Upvote:2
No, absolutely not at all
It is well-known that the Bible was not written down as a single chunk, intended from the start to be taken as infallible. The process by which those writings were declared to be Scripture took hundreds of years, and the addition of the last twelve verses of Mark certainly predate that. So at the point where the canon of scripture was defined, those twelve verses were in Mark.
Upvote:9
Short answer, no. Not at all.
It would count as plausible deniability to the straw-man definition of "the inspired and infallible word of God", but only to the false straw-man understanding.
The problem is that, almost no denomination believes that inspiration and infallibility are attributed to modern versions/translations of Scripture. Inspiration and infallibility are attributed only to the original manuscripts, as recorded by the original authors. We have always allowed for the possibility of copyist errors, mistakes, etc. This is explained in great detail here: From a Fundamentalist standpoint, what does the phrase "Inspired, infallible, inerrant Word of God" mean?

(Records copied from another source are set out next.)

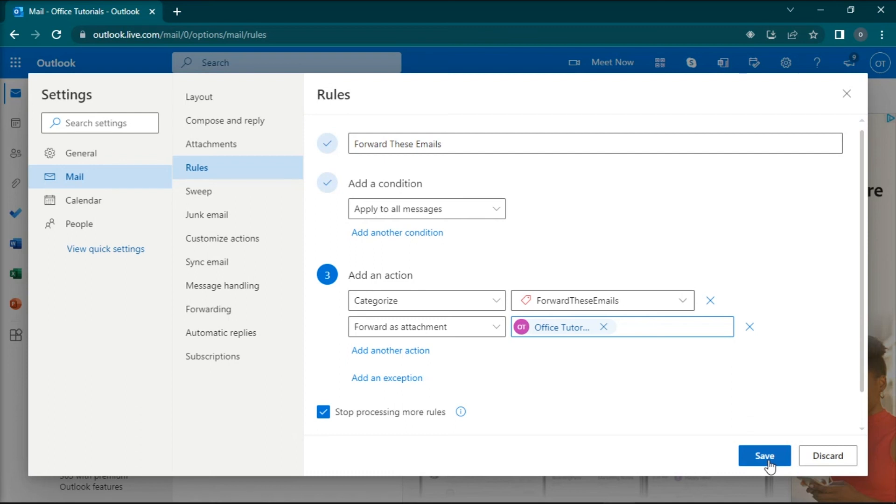So there you go! That's how to forward multiple emails at once in the Microsoft Outlook application. If you found this video helpful, kindly like and subscribe. You may also click and turn on the notification bell so you can be notified whenever we release new videos.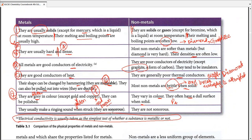Non-metals vary in color and have a dull surface when solid. Even a single non-metal like phosphorus can exist in many different colors — white, red, and black simultaneously. Metals are sonorous, meaning they make a ringing sound when struck; a school bell is a good example. Non-metals, on the other hand, are not sonorous.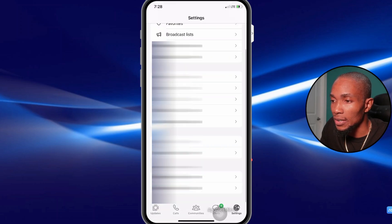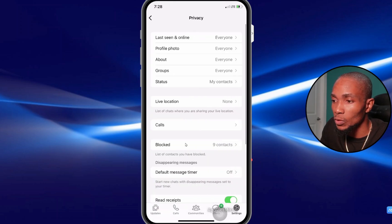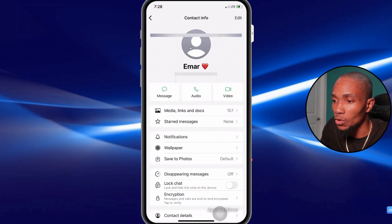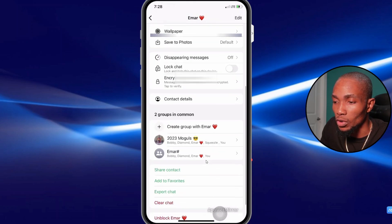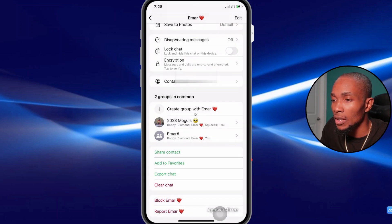So you want to go to Settings and then select Privacy, then select Blocked, and then select the contact that you want to unblock. Then scroll down and select 'Unblock [name of the person]' and that's basically it.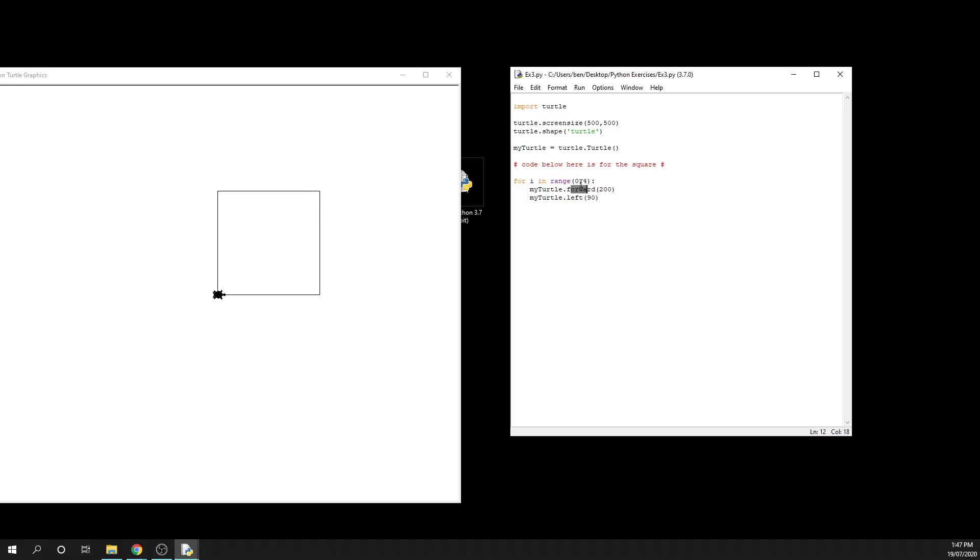And now it's at position two in the range. So it'll drive forward and turn left, then it'll be in position three, it'll drive forward and turn left. And when it gets to position four, it exits that loop, so that it doesn't run any more code for this particular loop, hence us getting our square.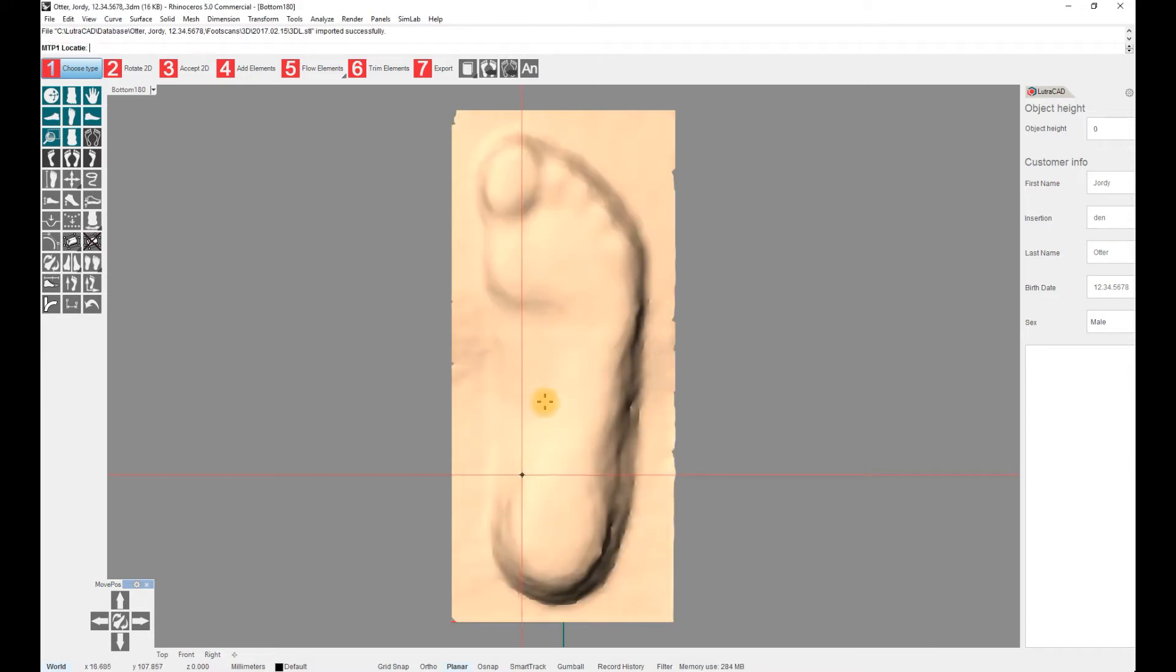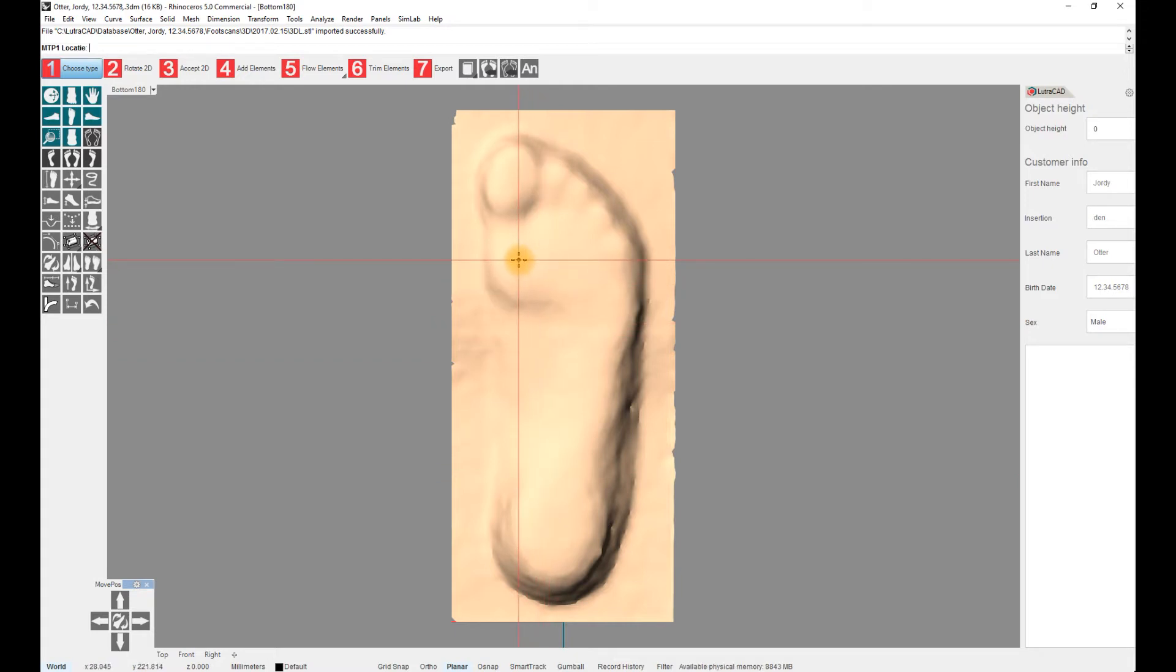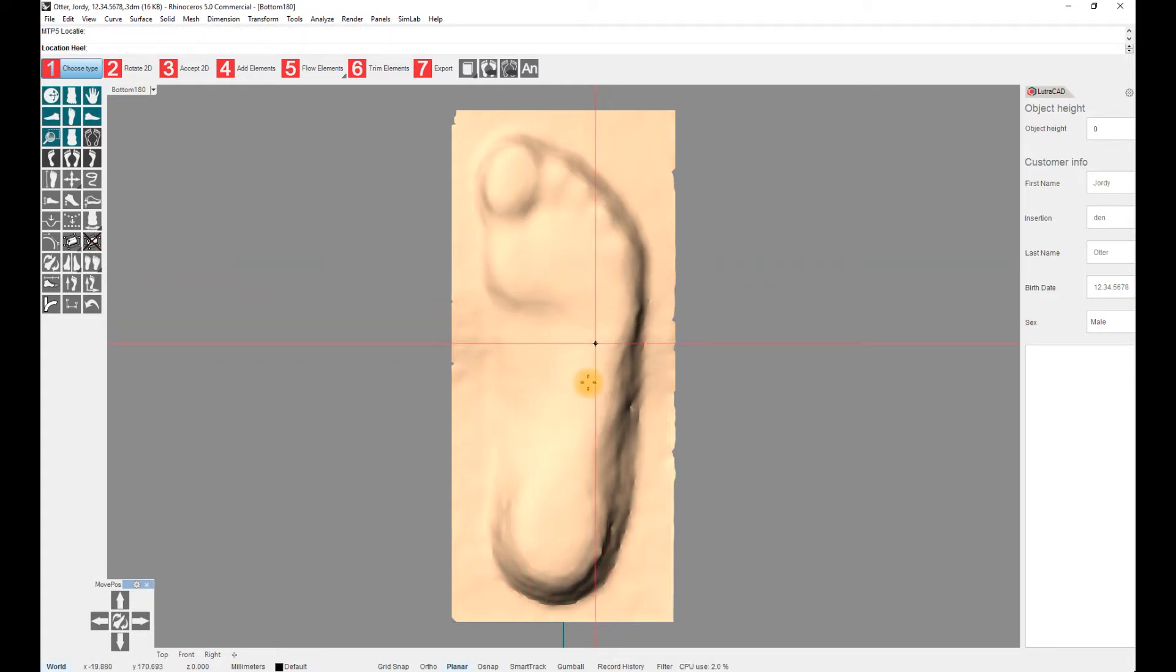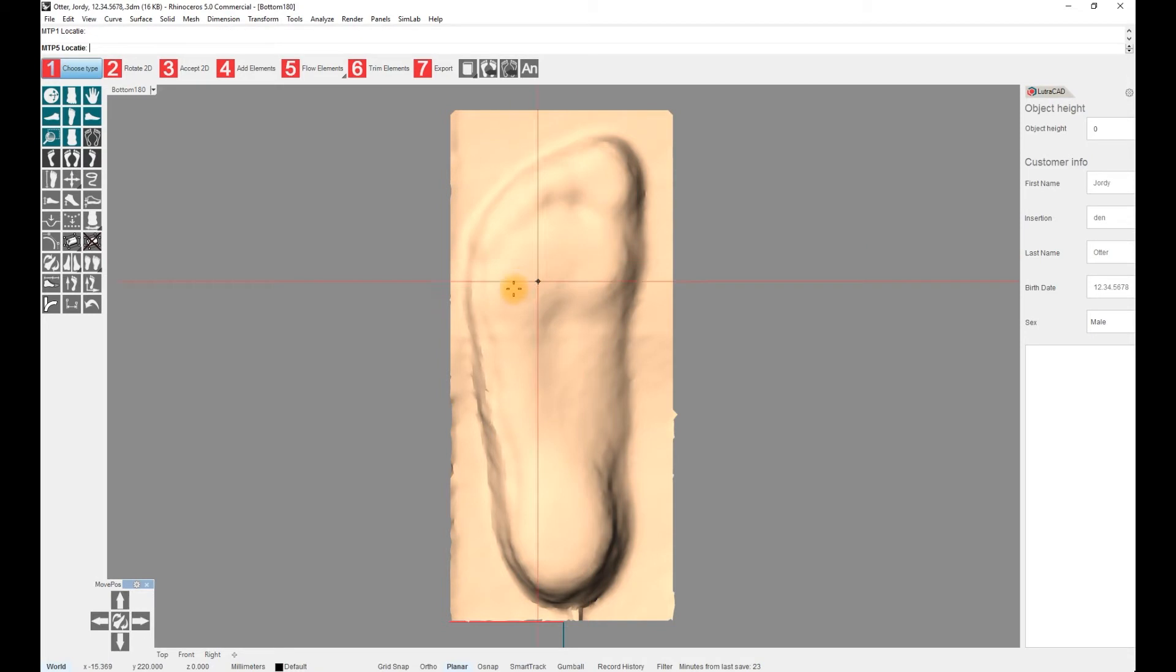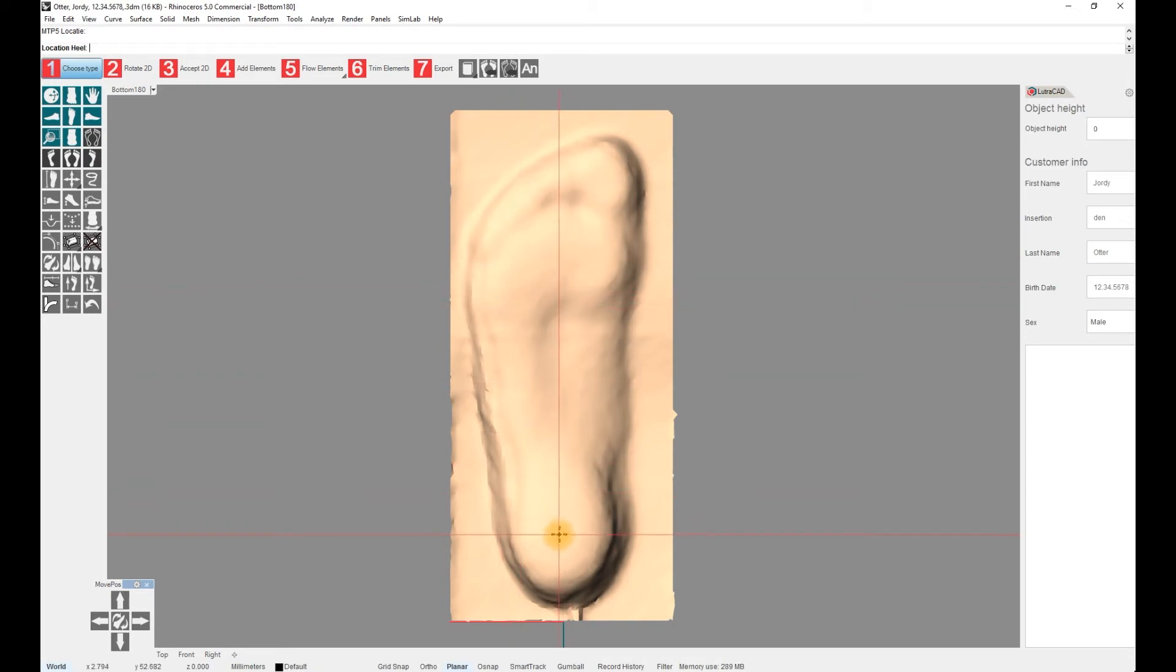To continue, 3 points need to be selected: Center of Metatarsal 1, Center of Metatarsal 5, and Center of the Heel. The software will automatically put these 3 points on the ground. These 3 points need to be selected for both feet.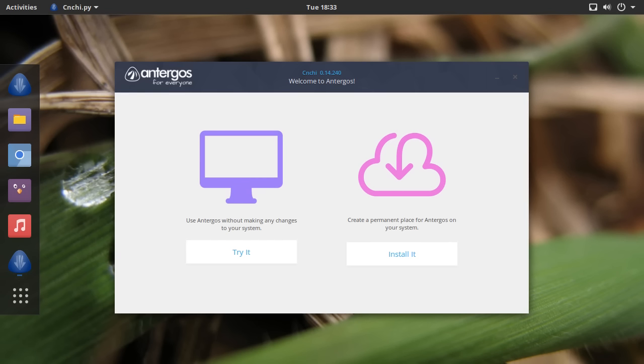Hey guys, so those of you that have been following this channel for any length of time will know that I'm a pretty big fan of Antergos. For those of you that don't know, Antergos is a rolling distribution based on Arch with the goal of basically making the Arch operating system significantly more accessible to a wider user base by making the installation process easier.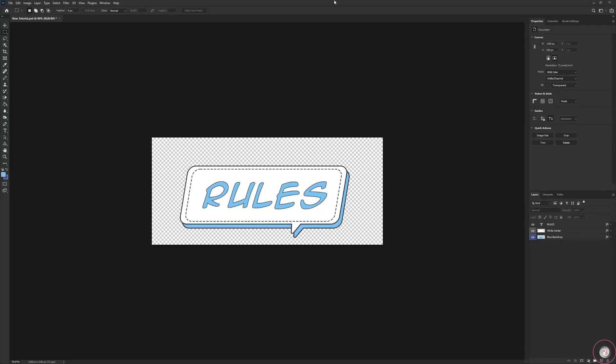Hello everybody, welcome back to the channel. Today's tutorial is going to be focused on a channel banner.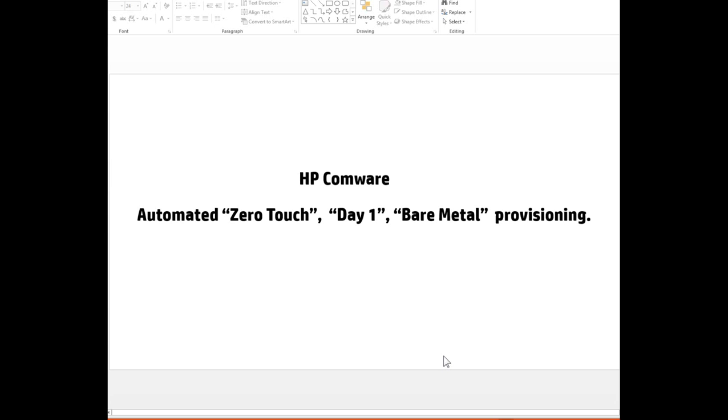Hello everybody, today I'm going to demonstrate automated zero touch day one or bare metal provisioning, whichever you'd like to call it, using HP Comware switches or routers. This is going to be in two parts: an explanation and then a demonstration.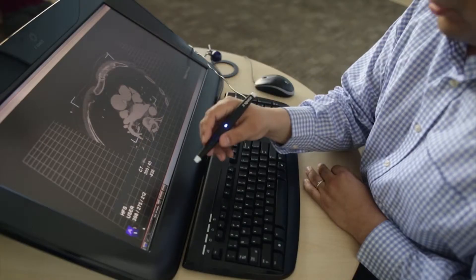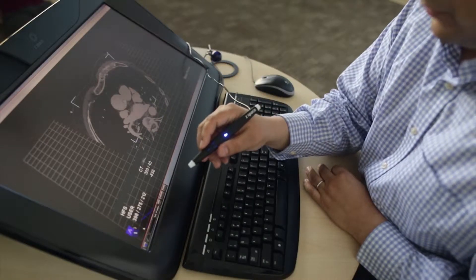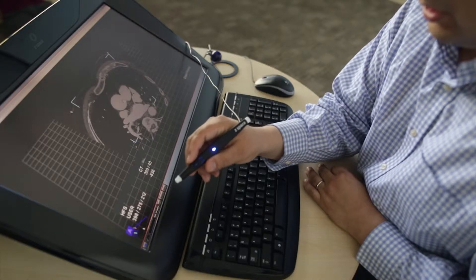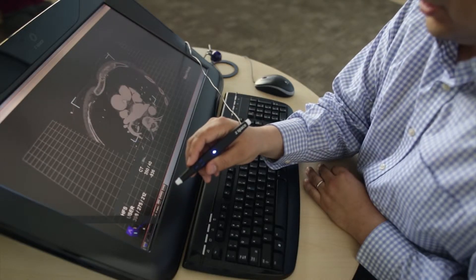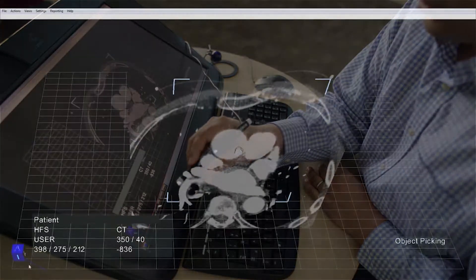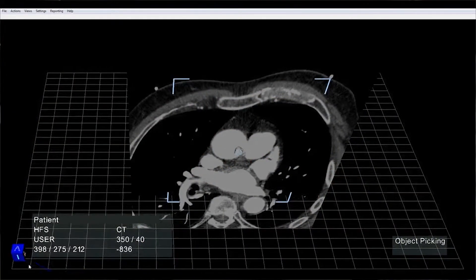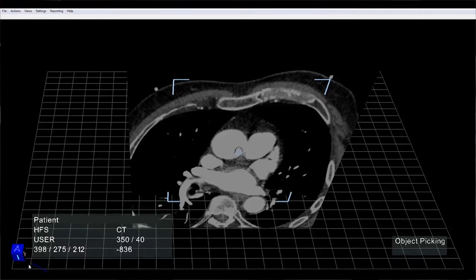At the lower left corner of the screen, you'll see an orientation box, and it's going to give you the anatomical orientation of the data that you're looking at.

(That is from a Fundamentalist perspective, but most denominations and traditions agree that infallibility and inerrancy are only attributed to the original manuscripts.)
This does leave the question of "If the current versions could contain mistakes, how do we know that we can depend on them? How do we know they haven't changed over time so much that they can no longer be trusted?" That's also an answered question: What is "Manuscript Evidence" and how is it useful?